6. Counsel for the appellants accepts the finding and argues on them that the Nadars should have been acquitted as having used force only in repelling an attack upon themselves, that is to say, they are protected by the Law of Private Defence.

7. The Sessions Judge, it is contended with some reason, states the law incorrectly when he says that no right of private defence exists. If Nadars were not an unlawful assembly when demolishing the house, they would he entitled to a right of private defence, if attacked. The Sessions Judge is not clear on the question when the Nadars became an unlawful assembly. On the statements that the house was in disrepair and required to be pulled down, statements which are uncontradicted by any prosecution evidence, I think it must be held that they were not an unlawful assembly before the Thevars came up.
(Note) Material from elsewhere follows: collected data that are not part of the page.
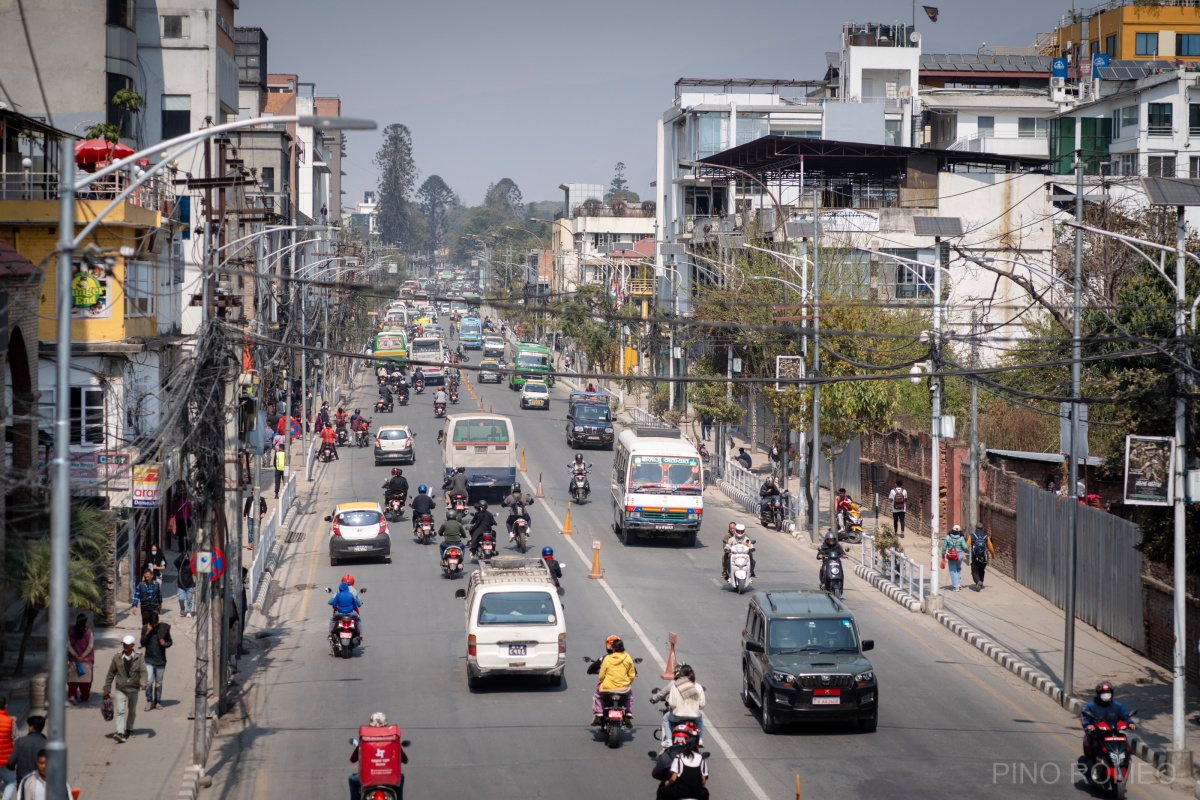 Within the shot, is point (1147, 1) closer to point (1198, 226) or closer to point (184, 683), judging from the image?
point (1198, 226)

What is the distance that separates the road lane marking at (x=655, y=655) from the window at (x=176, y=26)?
106 ft

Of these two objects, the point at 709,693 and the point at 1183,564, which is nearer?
the point at 1183,564

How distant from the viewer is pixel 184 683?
22828mm

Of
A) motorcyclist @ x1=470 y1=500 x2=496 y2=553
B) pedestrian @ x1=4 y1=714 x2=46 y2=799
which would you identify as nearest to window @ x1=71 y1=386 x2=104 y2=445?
motorcyclist @ x1=470 y1=500 x2=496 y2=553

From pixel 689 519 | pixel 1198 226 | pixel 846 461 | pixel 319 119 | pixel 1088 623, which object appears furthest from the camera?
A: pixel 1198 226

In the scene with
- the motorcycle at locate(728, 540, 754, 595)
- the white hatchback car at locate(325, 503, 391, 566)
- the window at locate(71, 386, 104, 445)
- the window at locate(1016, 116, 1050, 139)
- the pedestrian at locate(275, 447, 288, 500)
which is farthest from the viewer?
the window at locate(1016, 116, 1050, 139)

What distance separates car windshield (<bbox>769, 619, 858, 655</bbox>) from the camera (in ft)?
64.6

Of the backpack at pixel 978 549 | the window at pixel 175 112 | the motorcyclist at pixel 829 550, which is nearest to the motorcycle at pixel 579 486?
the motorcyclist at pixel 829 550

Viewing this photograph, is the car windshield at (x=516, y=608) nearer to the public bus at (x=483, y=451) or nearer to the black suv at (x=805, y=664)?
the black suv at (x=805, y=664)

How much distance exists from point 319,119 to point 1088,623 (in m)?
22.2

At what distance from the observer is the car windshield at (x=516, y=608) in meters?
21.4

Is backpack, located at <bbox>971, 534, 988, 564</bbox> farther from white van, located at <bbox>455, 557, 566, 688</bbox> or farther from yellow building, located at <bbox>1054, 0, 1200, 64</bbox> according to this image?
yellow building, located at <bbox>1054, 0, 1200, 64</bbox>

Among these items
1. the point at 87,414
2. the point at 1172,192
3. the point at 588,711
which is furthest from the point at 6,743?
the point at 1172,192

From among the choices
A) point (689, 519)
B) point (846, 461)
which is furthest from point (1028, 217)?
point (689, 519)
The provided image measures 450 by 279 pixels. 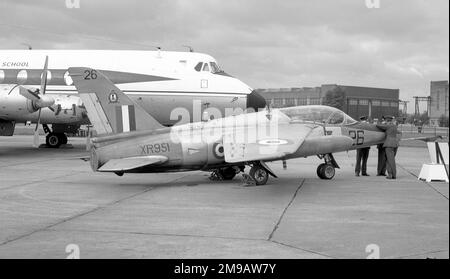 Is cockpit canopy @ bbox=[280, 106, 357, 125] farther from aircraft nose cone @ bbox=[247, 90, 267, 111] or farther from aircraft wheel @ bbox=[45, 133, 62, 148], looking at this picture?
aircraft wheel @ bbox=[45, 133, 62, 148]

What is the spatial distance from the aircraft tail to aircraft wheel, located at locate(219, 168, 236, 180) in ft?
10.7

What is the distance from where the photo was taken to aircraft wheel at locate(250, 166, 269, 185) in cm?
1419

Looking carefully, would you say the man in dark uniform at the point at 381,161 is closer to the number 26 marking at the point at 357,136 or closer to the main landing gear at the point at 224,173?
the number 26 marking at the point at 357,136

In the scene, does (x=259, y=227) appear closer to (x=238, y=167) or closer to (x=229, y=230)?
(x=229, y=230)

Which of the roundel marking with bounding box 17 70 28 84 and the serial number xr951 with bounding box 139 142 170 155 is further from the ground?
the roundel marking with bounding box 17 70 28 84

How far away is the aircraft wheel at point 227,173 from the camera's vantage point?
15.8 meters

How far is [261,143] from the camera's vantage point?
1330 centimetres

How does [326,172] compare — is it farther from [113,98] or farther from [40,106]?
[40,106]

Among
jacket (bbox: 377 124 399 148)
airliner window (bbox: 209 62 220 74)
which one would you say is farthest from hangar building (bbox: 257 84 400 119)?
jacket (bbox: 377 124 399 148)

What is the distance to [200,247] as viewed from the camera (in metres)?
7.36

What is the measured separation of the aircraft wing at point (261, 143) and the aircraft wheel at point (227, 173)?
1952mm

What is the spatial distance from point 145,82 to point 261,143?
12.0m

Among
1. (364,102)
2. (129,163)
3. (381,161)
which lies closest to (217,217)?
(129,163) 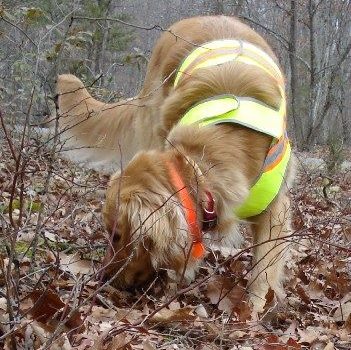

8. Then rejecting the prosecution evidence that the Nadars then attacked the Thevars at the instigation of the Police, it may be right to hold that the Thevars were the aggressors in the sense that they first used the force. In that case, all that is clear is, that force was repelled by force on the part of the Nadais and injuries were suffered on both sides. Now the story of the Nadars is, that they did not use force at all, but the Thevars fought some of their own caste employed by them (the Nadars) but this is improbable, and I am not asked to accept its as true,

9. It is not then their case anywhere that they used force in their own defence, and there is no evidence to show that force was necessary to repel the attack. It is for the person who relies on the right of private defence to prove that he is within the exception, though the right was not alleged as a defence. I should still, if the circumstances made it clear that the Nadars did not use more force than was necessary to defend themselves, be prepared to acquit them on that ground but so far as I can see there are no circumstances in the case which should warrant me in taking this view of the appellant's conduct. I, therefore, confirm the conviction and sentences, and dismiss this appeal.